Your assignment:
Since the listing below shows pictures, leave them out and write out exactly the lines from the line with "Ariat womens equestrian" to the line with "Oswal Antiques", both included, and no others.

Exercise data:
□ □ □
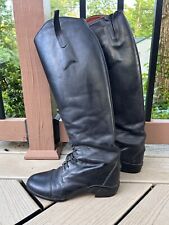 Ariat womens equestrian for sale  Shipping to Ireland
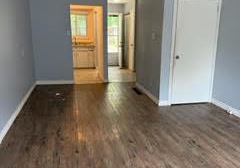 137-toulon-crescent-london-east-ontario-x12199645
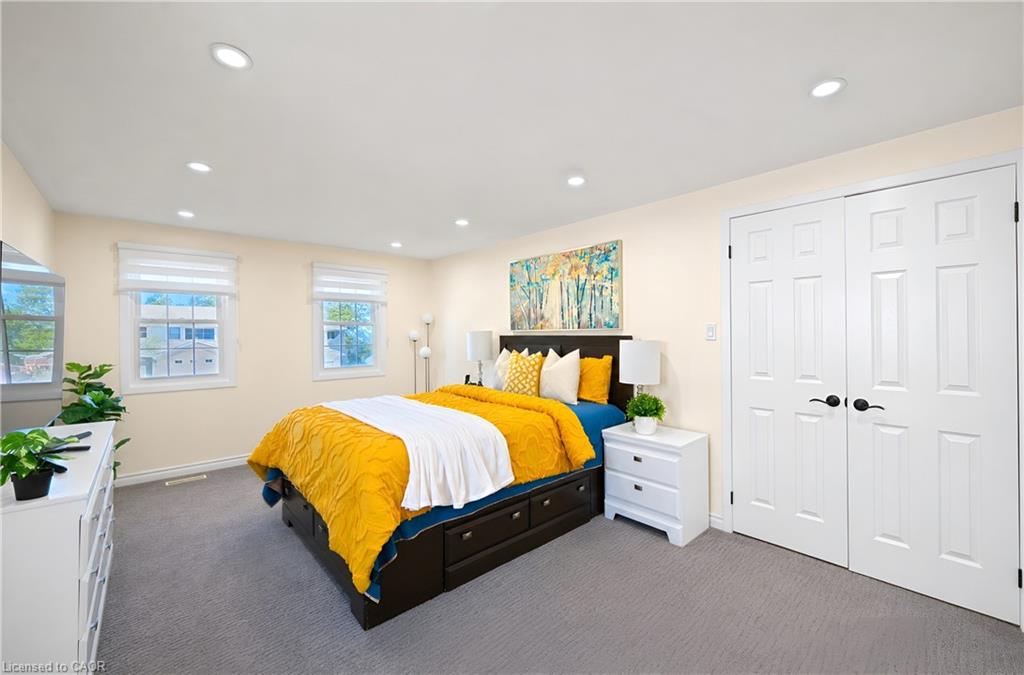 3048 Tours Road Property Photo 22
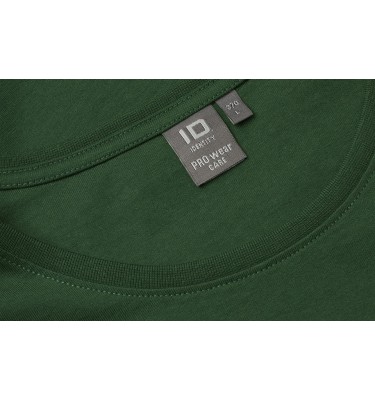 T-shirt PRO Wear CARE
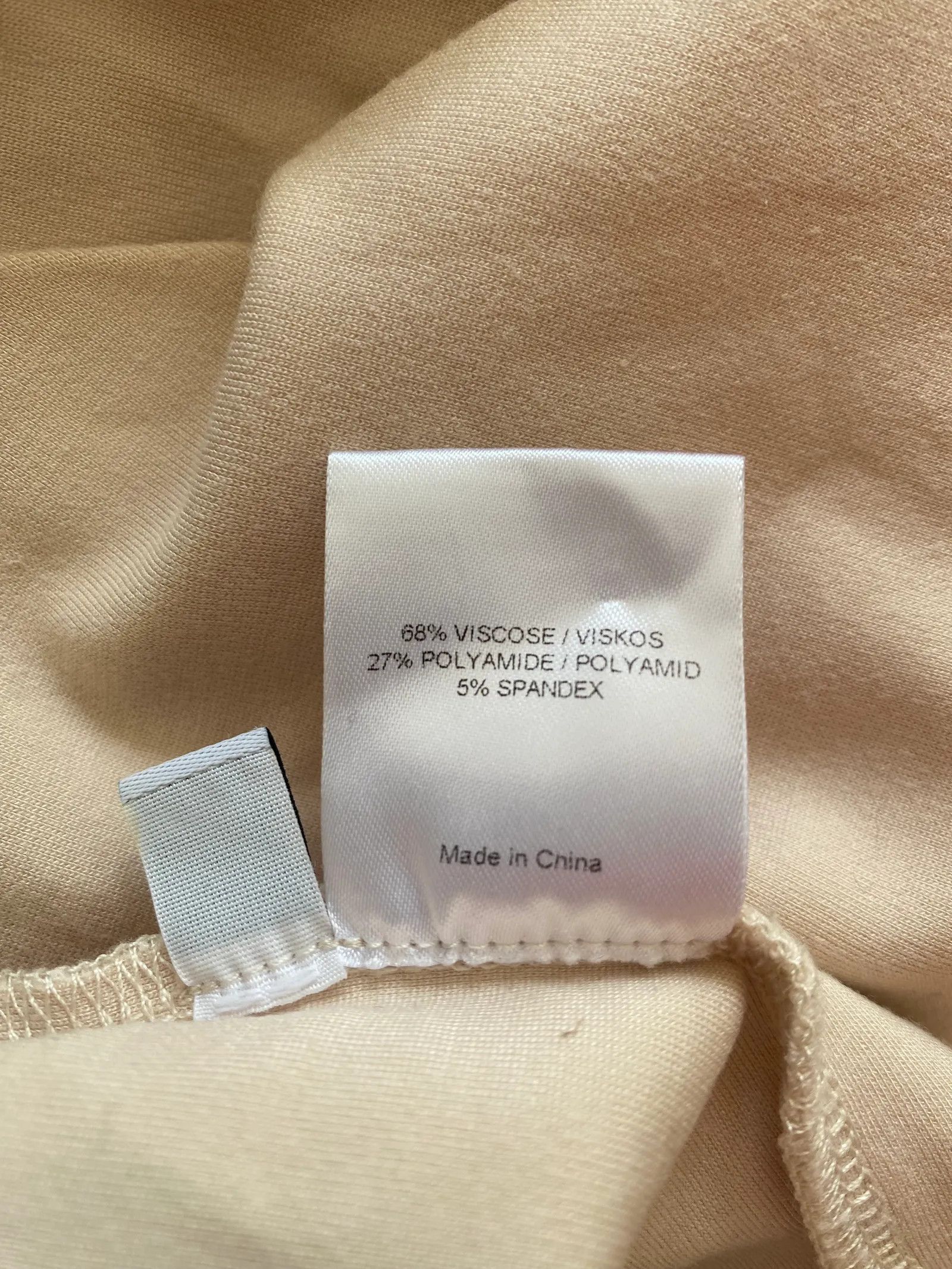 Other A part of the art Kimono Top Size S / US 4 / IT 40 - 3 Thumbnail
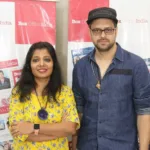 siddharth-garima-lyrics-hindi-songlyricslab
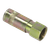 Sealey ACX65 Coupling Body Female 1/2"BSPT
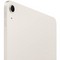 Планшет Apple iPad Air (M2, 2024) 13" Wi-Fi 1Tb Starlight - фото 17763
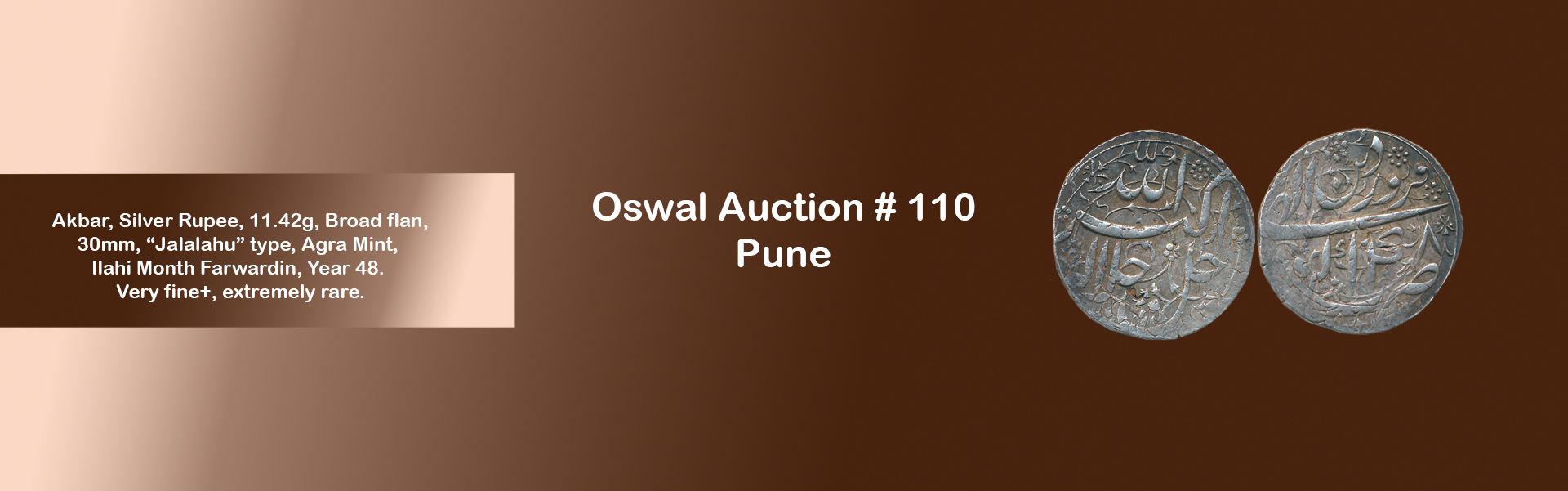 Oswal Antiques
□ □ □
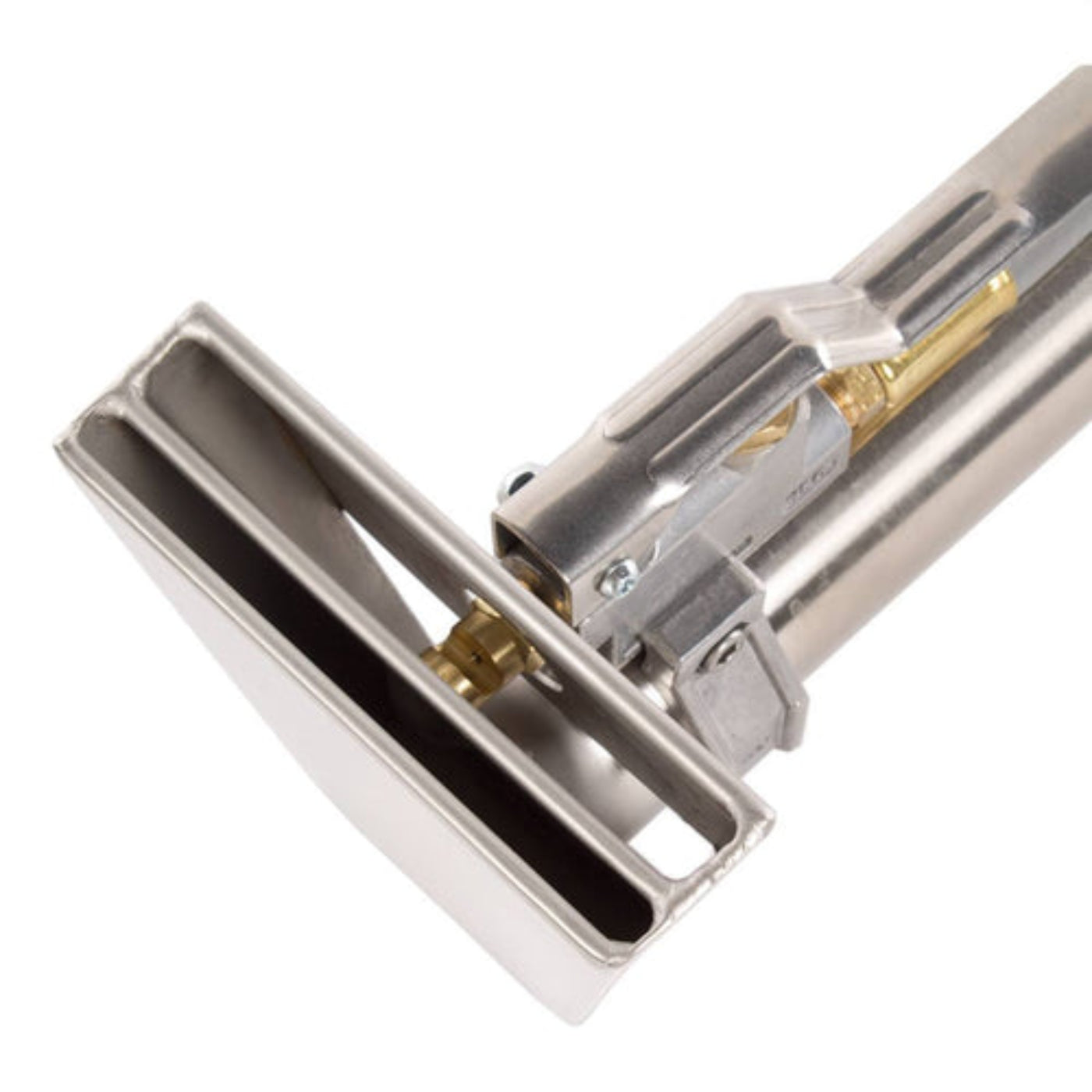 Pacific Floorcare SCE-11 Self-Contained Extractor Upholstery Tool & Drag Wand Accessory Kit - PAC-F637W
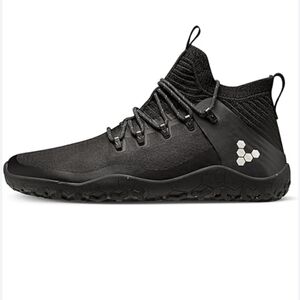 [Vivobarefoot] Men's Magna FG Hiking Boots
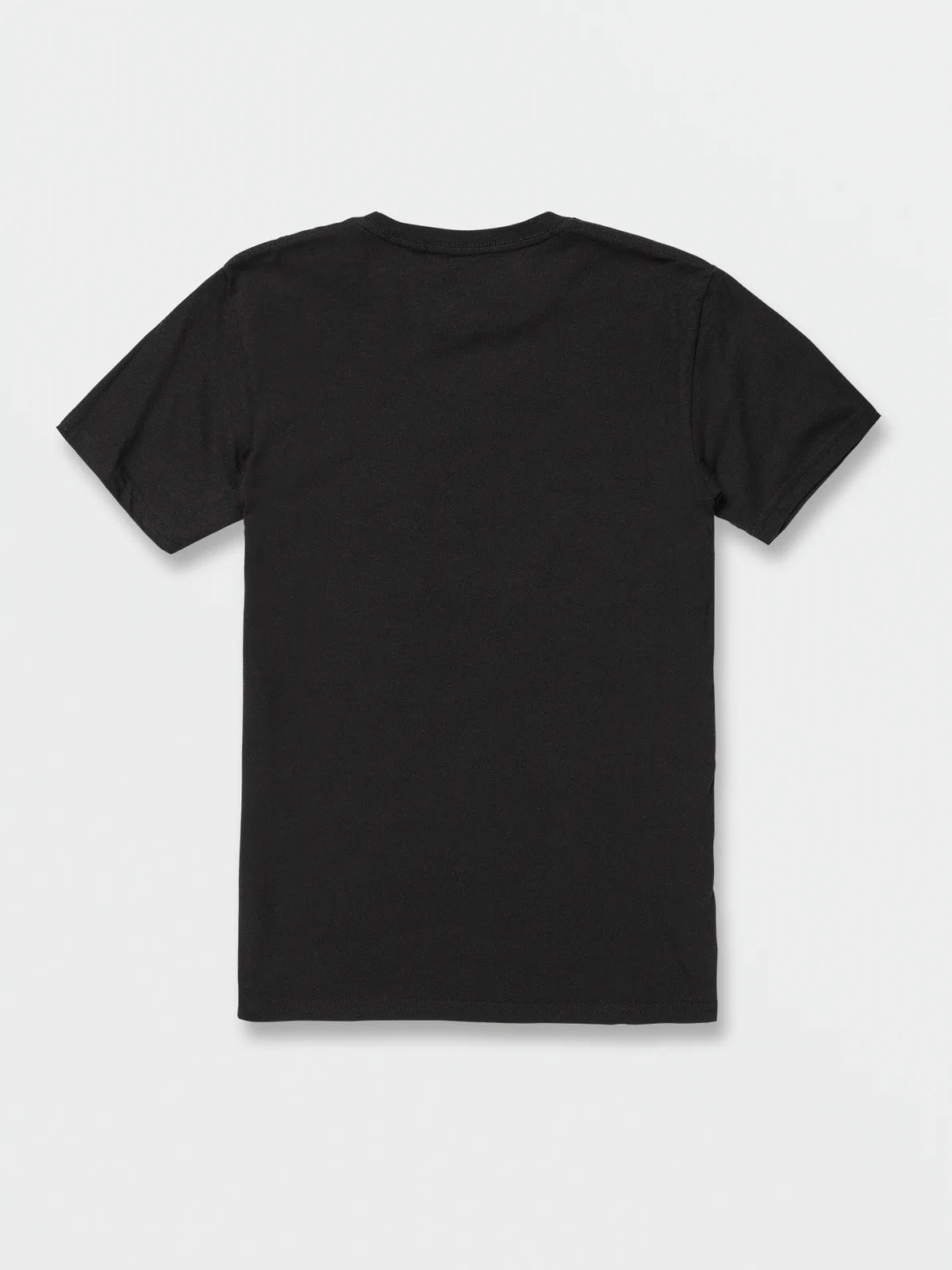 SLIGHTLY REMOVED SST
□ □ □
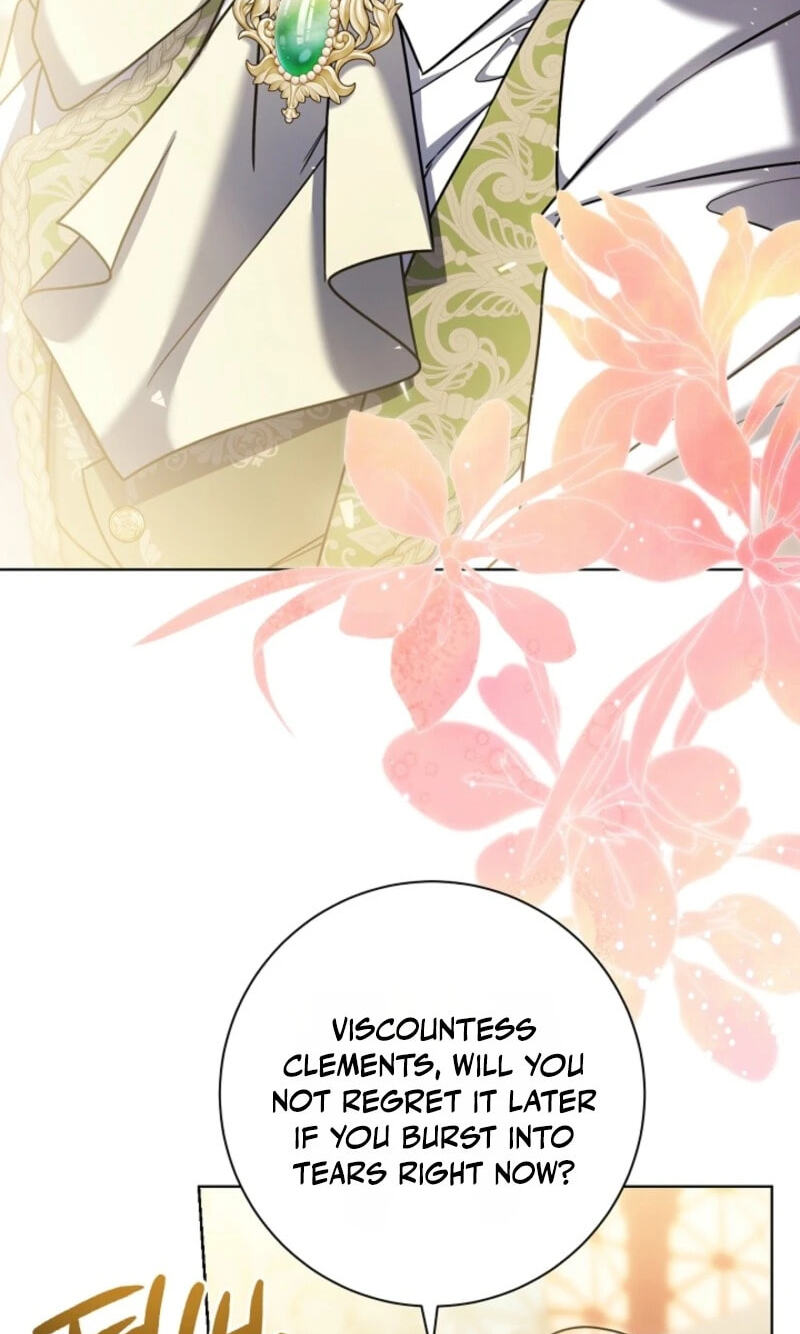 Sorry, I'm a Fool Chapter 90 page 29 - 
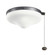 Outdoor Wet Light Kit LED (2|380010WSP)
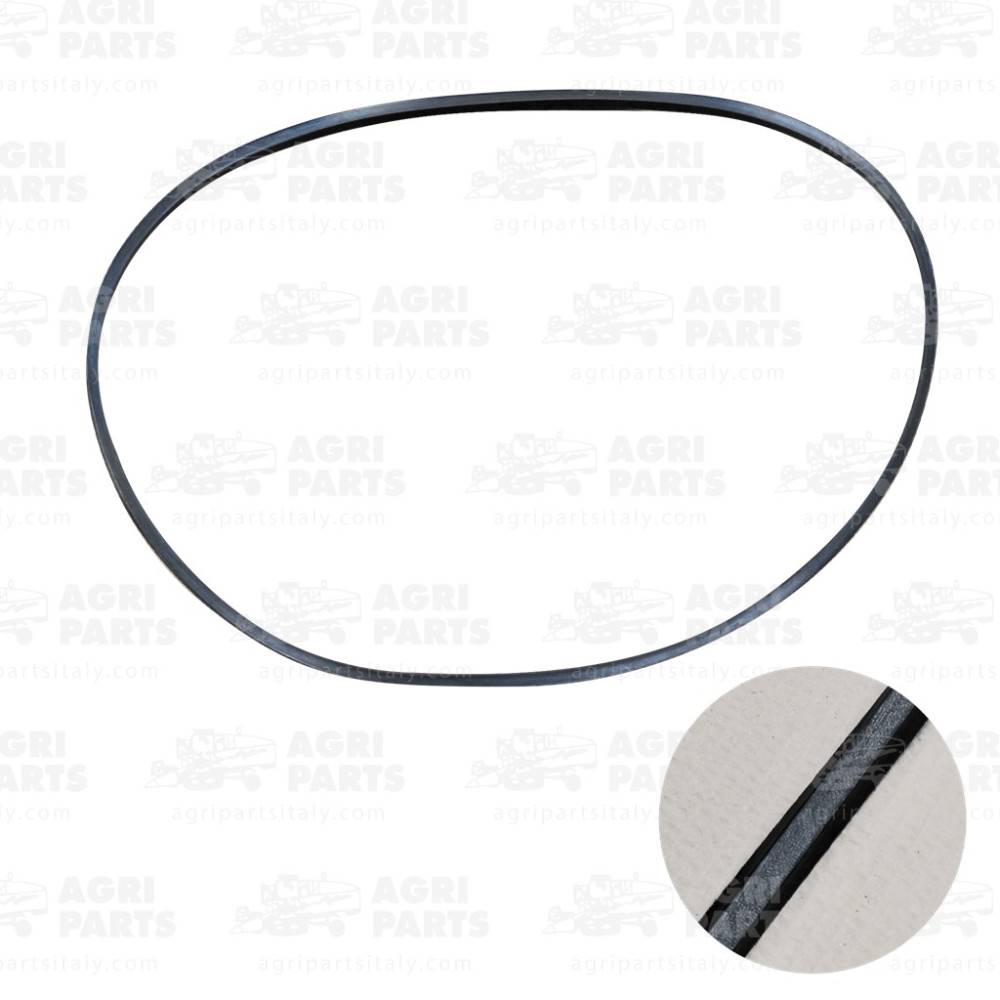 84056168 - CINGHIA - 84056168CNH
□ □ □
Your solution:
 Ariat womens equestrian for sale  Shipping to Ireland
 137-toulon-crescent-london-east-ontario-x12199645
 3048 Tours Road Property Photo 22
 T-shirt PRO Wear CARE
 Other A part of the art Kimono Top Size S / US 4 / IT 40 - 3 Thumbnail
 siddharth-garima-lyrics-hindi-songlyricslab
 Sealey ACX65 Coupling Body Female 1/2"BSPT
 Планшет Apple iPad Air (M2, 2024) 13" Wi-Fi 1Tb Starlight - фото 17763
 Oswal Antiques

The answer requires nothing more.